▸ SOURCE DATA
● ● ●

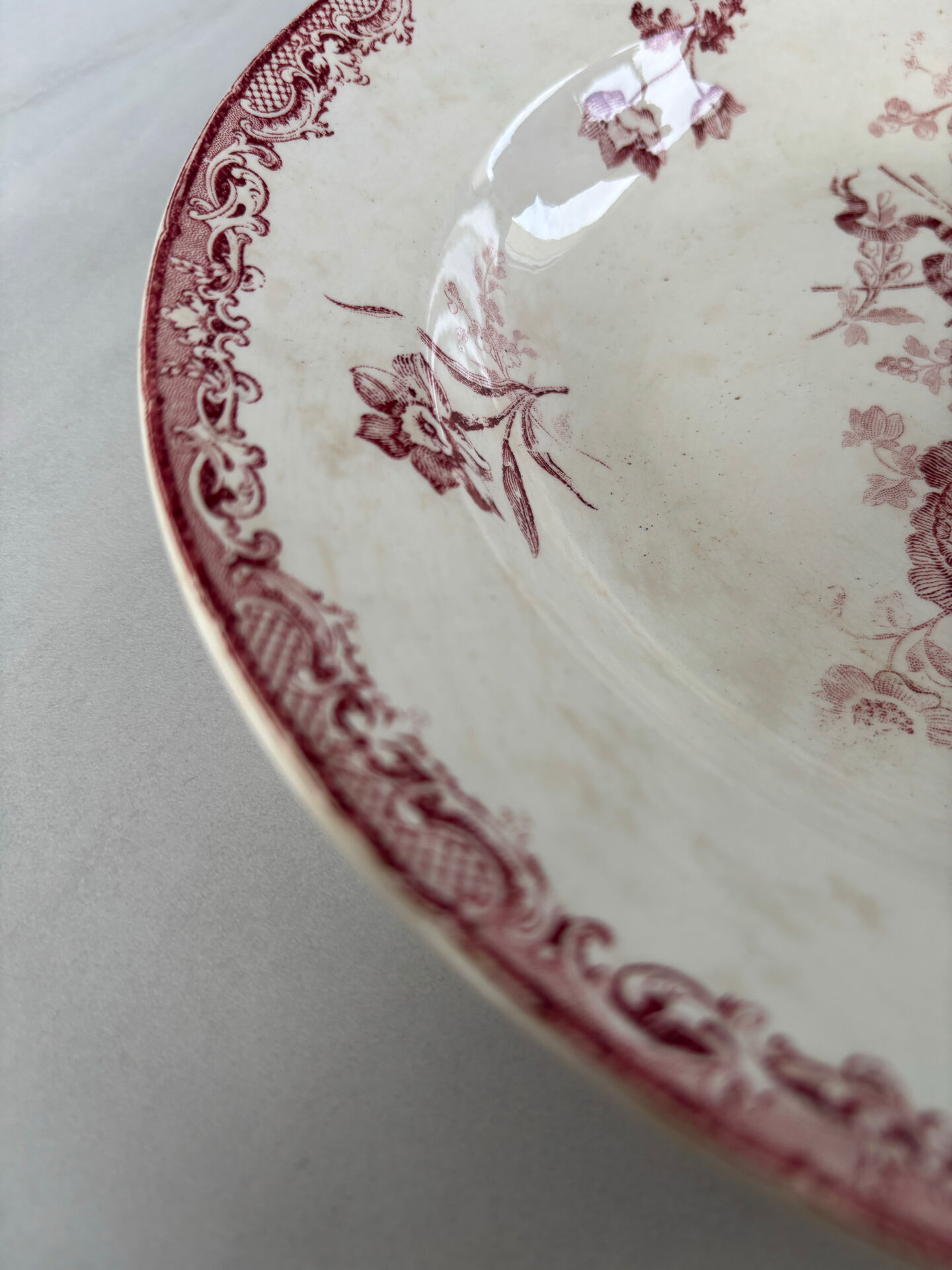 Assiette creuse terre de fer décor floral modèle Fontanges de Sarregue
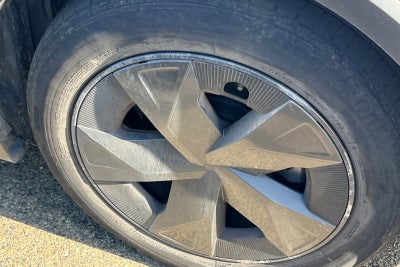 2023 Toyota Prius LE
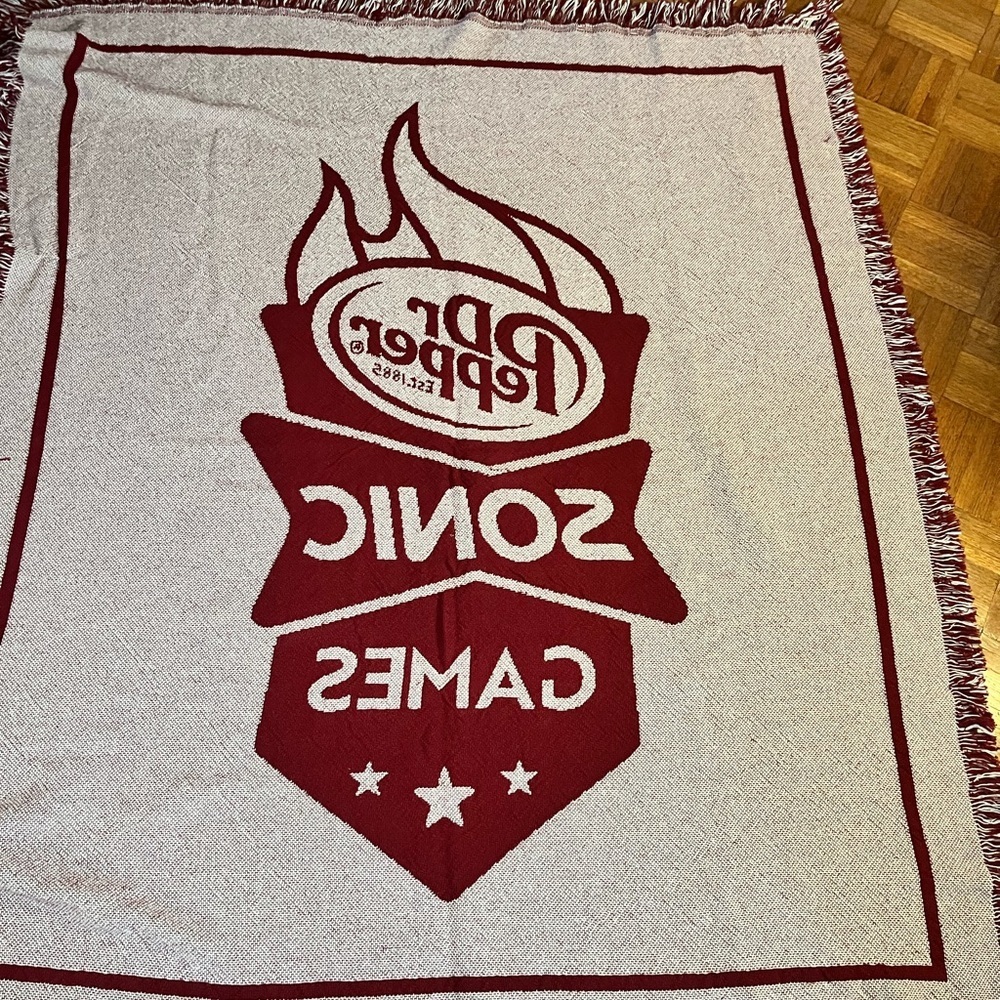Dr. Pepper Sonic Games Promotional Woven Throw Blanket Sonic Drive In Merch - Picture 9 of 10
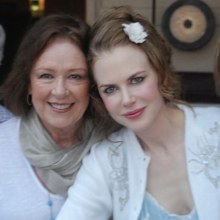 Nicole Kidman and mother Janelle.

● ● ●

▸ TASK INSTRUCTIONS
Return every line above exactly, omitting images.

▸ EXERCISE SOLUTION
 Assiette creuse terre de fer décor floral modèle Fontanges de Sarregue
 2023 Toyota Prius LE
Dr. Pepper Sonic Games Promotional Woven Throw Blanket Sonic Drive In Merch - Picture 9 of 10
 Nicole Kidman and mother Janelle.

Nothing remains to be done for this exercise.